Cobain et sa bande auraient pu être les U2 d’une génération
dépenaillée, les Sex Pistols d’une nouvelle jeunesse de taudis humains, des
Pink Floyd énervés pour minots désabusés. Ils se sont contentés d’être
eux-mêmes. « Nevermind » s’appuie sur des morceaux imparables,
tellement simples que tout un tas de types ont dû se demander mais putain,
pourquoi j’y avais pas pensé. Novateurs dans le ton et l’esprit, mais pile aux
confluences du rock, du punk, du hardcore, de la pop.

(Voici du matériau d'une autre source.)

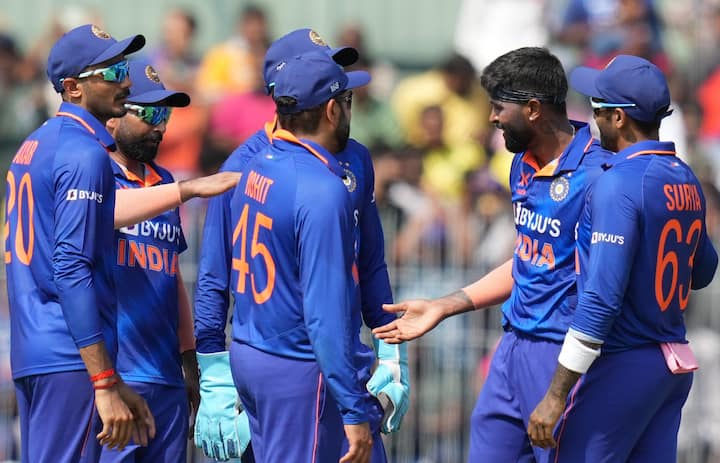 विश्वचषकाआधी टीम इंडिया भन्नाट फॉर्मात आगे. आशिया चषकात भारताने आपला दबदबा कायम ठेवत एकतर्फी विजय मिळवला. त्यानंतर मायदेशात ऑस्ट्रेलियाला लोळवलं. भारतीय संघ वनडे क्रमवारीत पहिल्या क्रमांकावर विराजमान आहे. भारतीय संघाने आशिया चषकाच्या फायनलमध्ये श्रीलंकेला 60 धावाही करुन दिल्या नाहीत. तर पाकिस्तानविरोधात 66 वर 4 विकेट गमावल्यानंतरही कमबॅक केले होते. भारतीय संघ फक्त आघाडीच्या तीन फलंदाजावर अवलंबून नाही... प्रत्येक फलंदाज, खेळाडू फॉर्मात आहे. गोंदाजीतही भारताचा दबदबा कायम आहे. त्यामुळे भारतीय संघाला विजयाचा दावेदार म्हटले जातेय.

Il suffit d’écouter les imparables et archi connus
« Smells like Teen Spirit », « In bloom », « Come as
you are », « Lithium », « Drain you », « Stay
away », tous construits sur le quiet/loud. Ils sont l’ossature du disque,
de la chair à bande FM et MTV sans que ces considérations commerciales aient
seulement été envisagées par Cobain. Le versant fan de punk hardcore de Cobain
est représenté par « Breed » ou « Territorial pissings »,
tempo frénétique, grattes hurlantes et toujours ces lignes mélodiques absentes
chez les cadors du genre, genre Bad Brains ou Dead Kennedys, et ne parlons des
énervés et énervants de la chapelle hard …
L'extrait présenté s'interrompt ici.